04-16-2023 09:23:58.338 +0300 INFO TcpInputProc [3020 Shutdown] - Done setting shutdown in progress signal.
04-16-2023 09:23:58.338 +0300 INFO TcpInputProc [10636 TcpListener] - Shutting down listening ports
It looks more or less like a normal shutdown but there is one interesting thing.
04-16-2023 09:23:40.524 +0300 WARN TailReader [5296 tailreader0] - Could not send data to output queue (parsingQueue), retrying...
This one.
It suggests (but I'm just shooting blindly here mostly) that there might be some overuse of memory and blocked queues and so on.

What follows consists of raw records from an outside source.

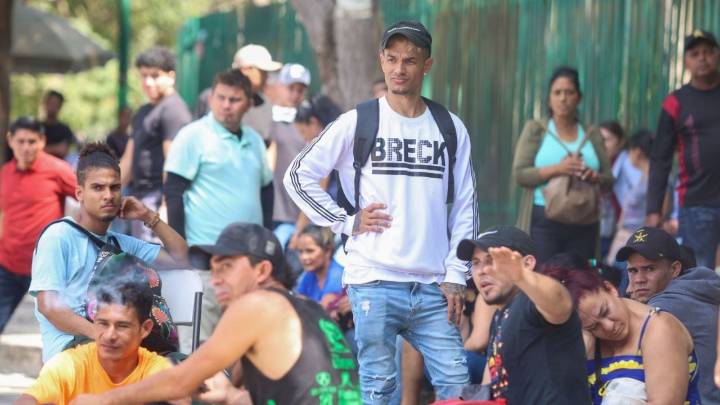 Cuatro de cada 10 migrantes que llegaron a EU fueron mexicanos y venezolanos, revela estudio
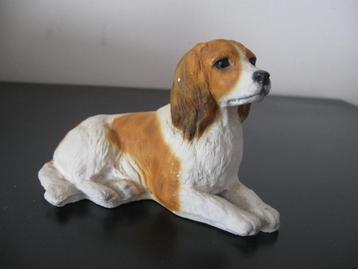 Beeldje spaniel bruin wit hond beschikbaar voor biedingen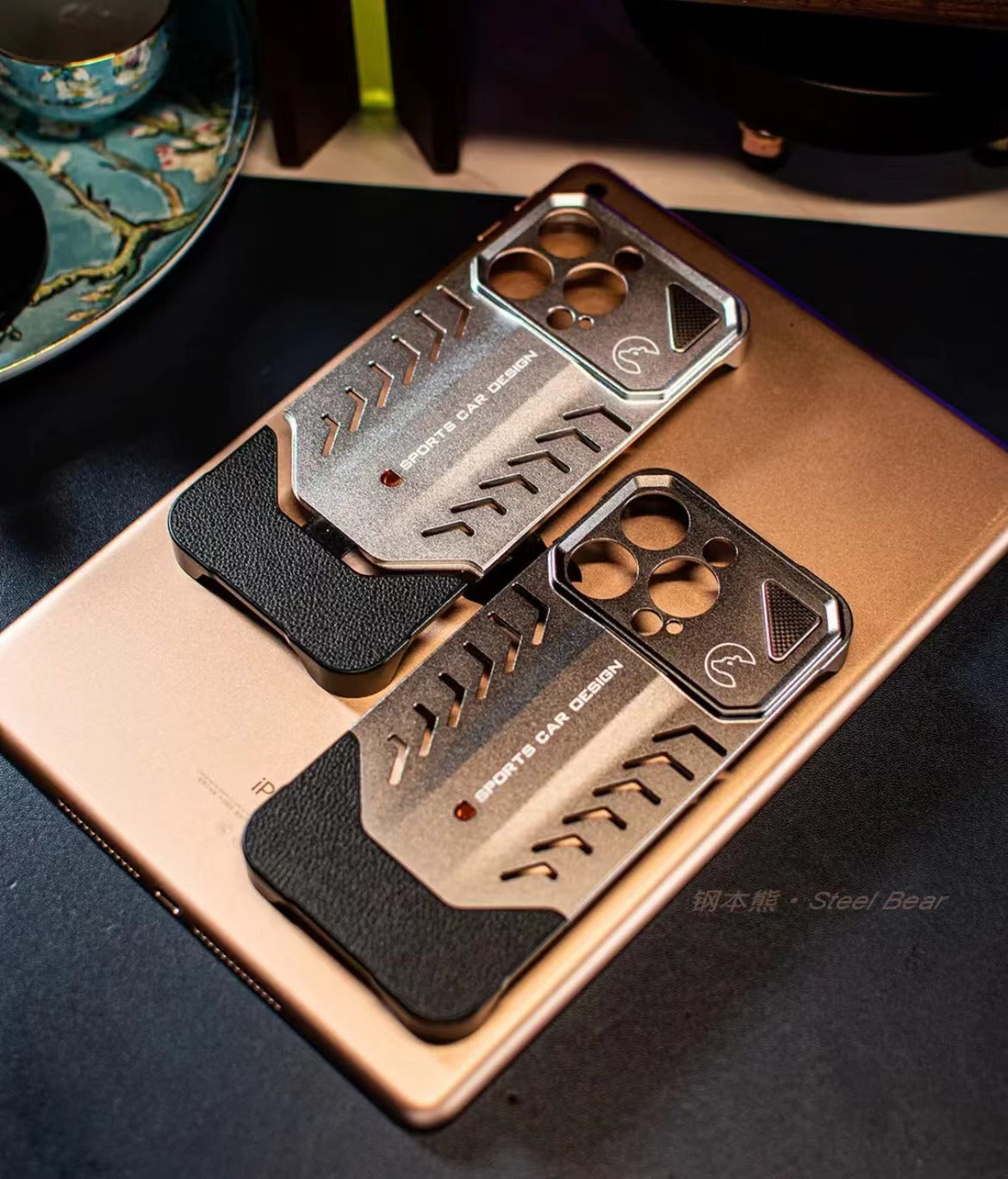 2025 New Supercar Design Metal Heat Dissipation Phone Case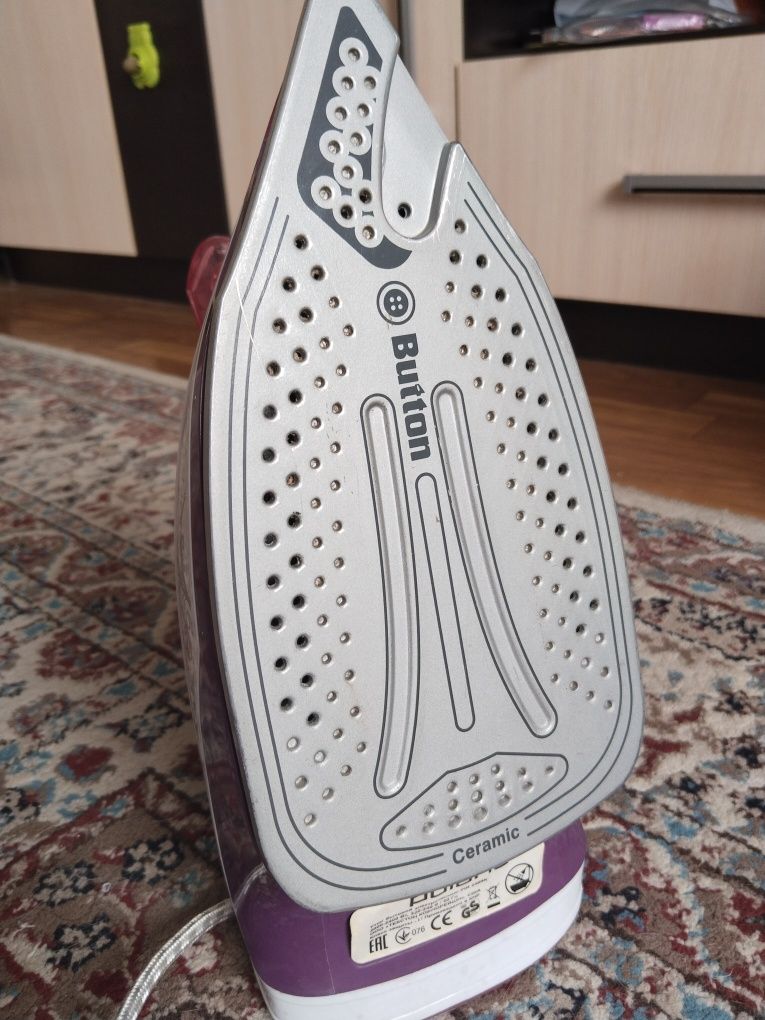 утюг Eurostek EEI-2603.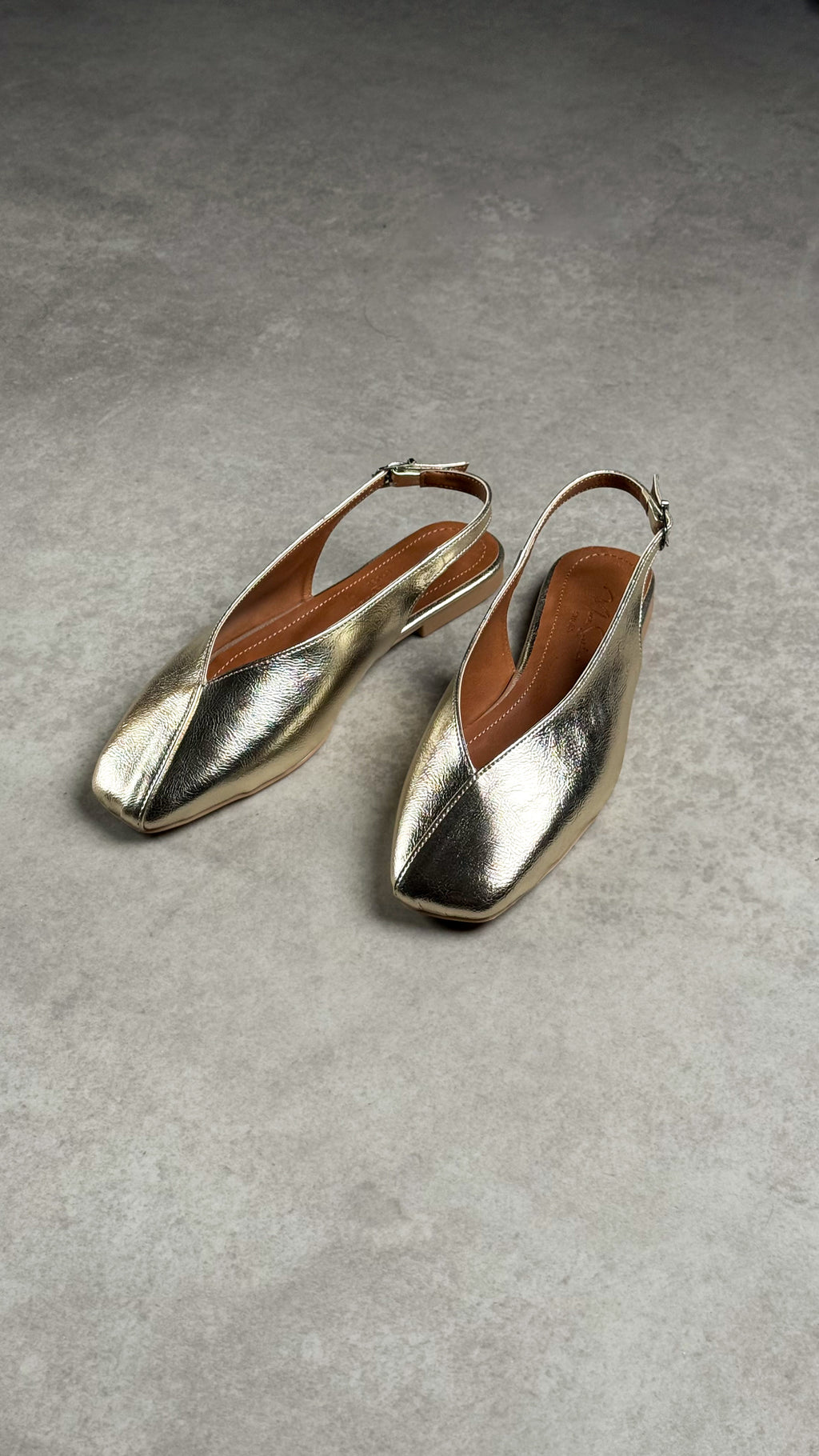 Gold Slingback Babet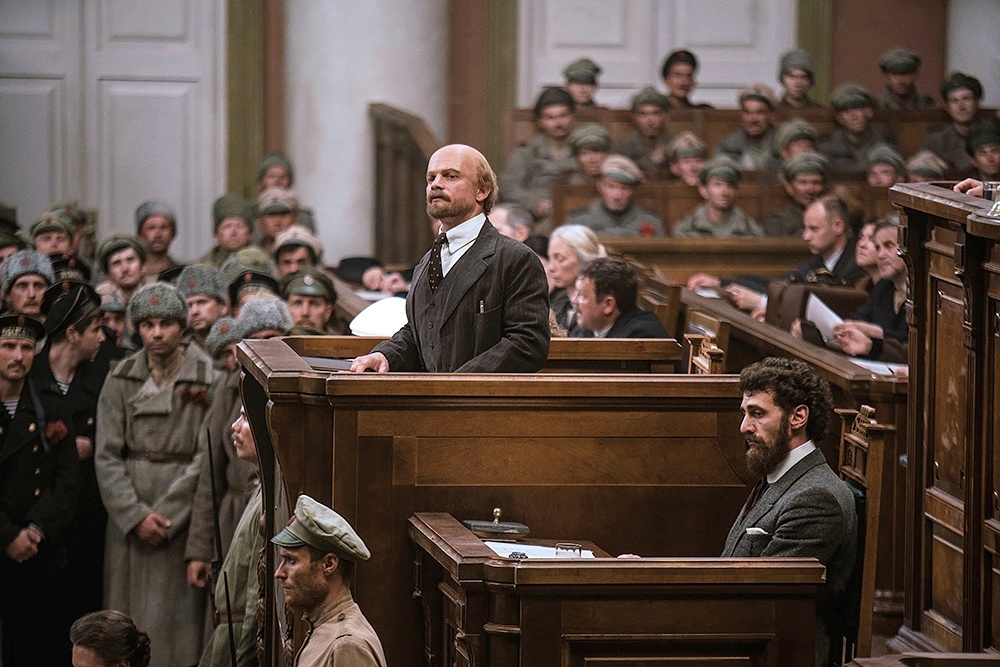    В этом сериале правда кажется вымыслом, а вымысел убедительнее, чем буквальная правда./kinopoisk.ru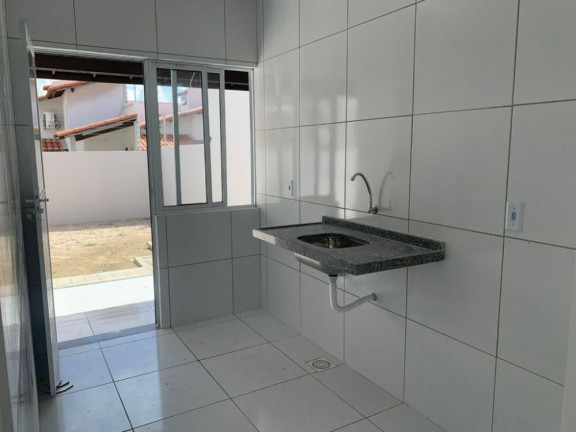 Casa com 3 Quartos à Venda, 75 m² em Timbu - Eusébio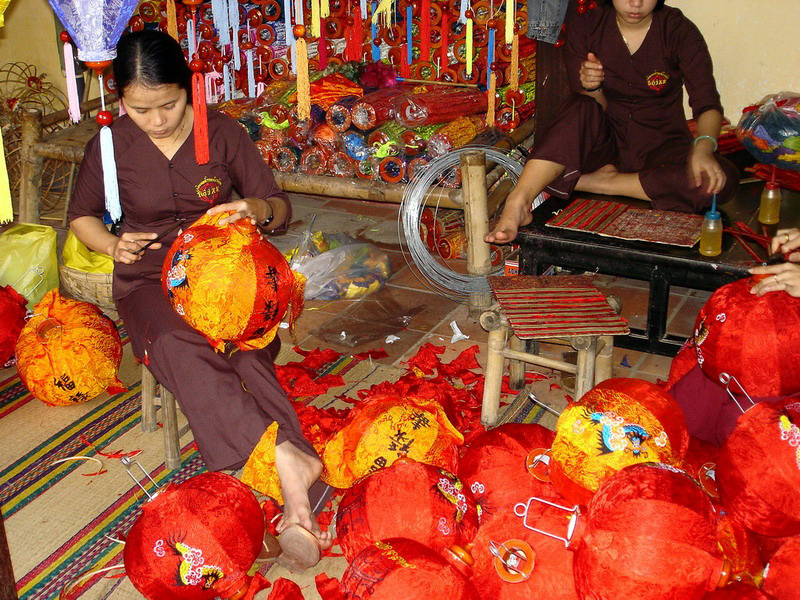 04VN-Fabrique de lanternes chinoises, Hoi An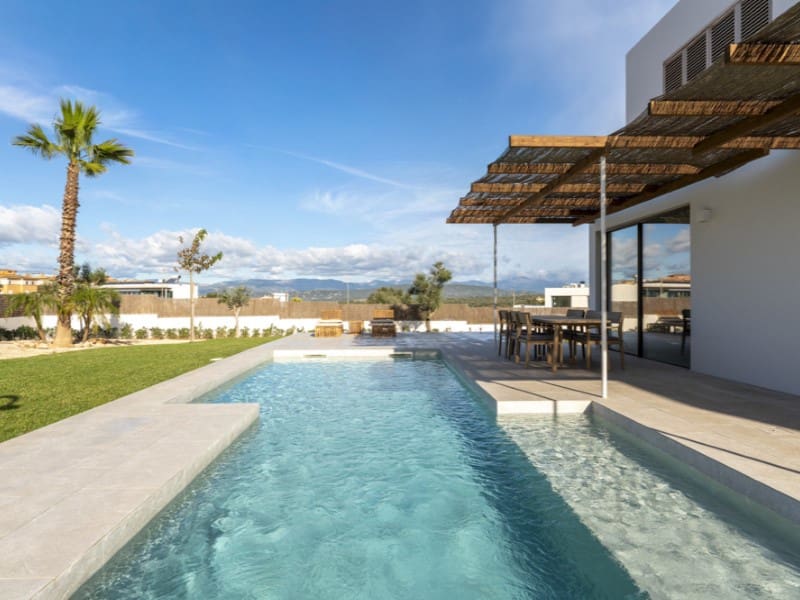 4 bedroom Villa for sale in Son Gual with pool garage - € 2,640,000 (Ref: 9396597)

But again - is there any crash log in forwarder's log directory?
Hi @PickleRick
Thank you for your reply.
The weird thing is that the server itself didn't shutdown, only Splunk service. And regarding crash log, no I didn't find crash log in any of the servers facing this issue.
No, server as such should not crash. Why would it? That's what the OS-level resource management is for 😉
Anyway, how many and what kinds of inputs do you have on this box? Are you hitting any limits? (like throttling outputs and building up queues on the forwarder side) What are the server's specs? (RAM/CPU). Is it busy otherwise?
Hi @daniaabujuma
can you please check any error messages in splunkd.log in the <Splunk installation dir>\var\log\splunk
depending one the error message we need to troubleshoot furthur.